9.4 Solely in connection with the provision of Services, McCracken grants Client a limited, revocable, non-exclusive, non-transferable right to access and use any tangible deliverables provided by McCracken to Client solely for Client’s internal business purposes.
10.0 Export Control.
10.1 Neither McCracken’s mobility software, nor any other technical data received from McCracken, nor the direct product thereof, shall be exported or re-exported outside the United States except as authorized and as permitted by the laws and regulations of the United States. If Client is an agency of the U.S. Government or U.S. Government contractor or subcontractor at any tier, then the U.S. Government shall agree that use of McCracken’s mobility software is subject to the restrictions on use as permitted by FAR 52.227-19 (June 1987) or DFARS 227.7202-3(a) (Jan. 1, 2000) or successor regulations, or similar acquisition regulations of other applicable U.S. Government organizations.
10.2 Certain of McCracken’s Services that utilize encryption technology have a U.S. Export Control Classification Number that is EAR99. Such Services that utilize encryption technology are subject to the U.S. Export Administration Regulations (EAR) 15 CFR Chapter VII and/or the International Traffic in Arms regulations (ITAR), 22 CFR Chapter I Subchapter M. Client acknowledges that with respect to such products and services, Client will comply with these regulations.
11.0 Privacy; Data Protection.
11.1 As used herein, “Personal Data” means, generally, information relating to an identifiable natural person and/or allows an individual to be identified and, for greater certainty includes, without limitation, any information which is considered “personal information” within the meaning of, or as otherwise provided by, applicable privacy or data protections laws, regulations, governmental agency directives, ordinances, circulars, rules and opinions now or hereafter in force, as amended from time to time.

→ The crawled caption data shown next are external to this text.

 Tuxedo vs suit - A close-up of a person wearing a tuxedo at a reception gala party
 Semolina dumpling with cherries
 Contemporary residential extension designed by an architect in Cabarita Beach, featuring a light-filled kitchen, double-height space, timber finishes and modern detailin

11.2 Client authorizes McCracken to collect, use, store and otherwise process the Personal Data McCracken obtains from or on behalf of Client as a result of providing the Services under the Agreement or for any additional purposes described pursuant to the Agreement. Client agrees that McCracken may use the processors identified in Exhibit A (McCracken Processor Table) to the Agreement when McCracken reasonably determines it necessary for the provision of the Services (Collectively, “Processors”). Client agrees that McCracken may transfer Client data including any Personal Data across a country border to the Processors and may, upon notice to Client, vary this list of Processors when it reasonably determines it necessary for the provision of the Services. Prior to EEA Personal Data being transferred out of the EEA, the parties or their relevant Affiliates will enter into McCracken’s Data Protection Addendum. All disputes or liability arising under these agreements, even if entered into by affiliates, will be treated by the parties as if the dispute or liability arose between them under the terms of the Agreement.
12.0 General.
12.1 The governing law for any claim arising under the Agreement shall be the laws of the State of Ohio. The venue for any claim arising under the Agreement shall be the state and federal courts located in Hamilton County, Ohio. Both parties agree to personal and subject matter jurisdiction in the Hamilton County, State of Ohio and waive any rights to bring a motion based upon jurisdiction or venue. If either McCracken or Client employs attorneys to enforce any rights arising out of or relating to the Agreement, the prevailing party shall be entitled to recover its reasonable attorneys’ fees, costs, and other expenses.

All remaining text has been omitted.